Rehearing Denied March 12, 1942.

Appeal from Circuit Court, Jefferson County; C. B. Smith Judge.

Count A of the amended complaint is as follows:

"Count A. The plaintiff claims of the defendant Three Thousand Dollars as damages for that heretofore, to-wit: On April 27th, 1940, at to-wit: Seven o'clock in the evening, the plaintiff was in a retail store located at to-wit: 2310-2nd Avenue North, in Birmingham, Alabama, by invitation of the proprietor thereof.

"And plaintiff avers that on said occasion the defendant was a common carrier for hire and reward by means of street cars and on said occasion a street car of the defendant loaded with a number of fare-paying passengers was being operated by defendant along a street car track running along second Avenue in front of said store where plaintiff was, and said street car was on said occasion within the charge and control of a crew consisting of a motorman and a conductor who were operating said car on said occasion.

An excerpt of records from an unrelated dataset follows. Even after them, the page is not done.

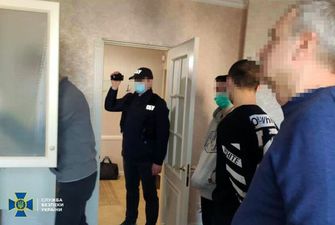 СБУ провела масштабные обыски у "Украинского выбора" Медведчука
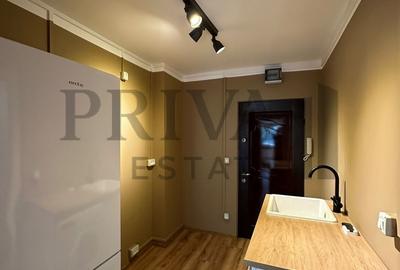 Garsoniera renovata, 26 mp, etaj 2, Complex Studențesc - 2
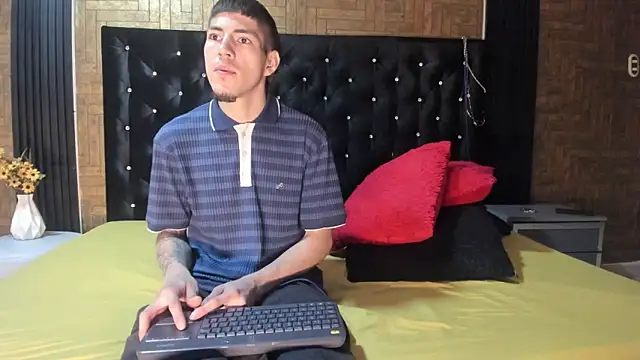 Snapshot of yeikoox chatting on November 2025 03:20:02 AM yeikoox online show from November 2025 03:20:02 AM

"And plaintiff avers that on said occasion said street car encountered in its path on said track an automobile truck stopped in such a position as to obstruct said track and to arrest the further progress of said street car, unless removed therefrom, and plaintiff avers that said stopped truck was not then within the charge or control of its driver or of any person having authority from its owner to operate it.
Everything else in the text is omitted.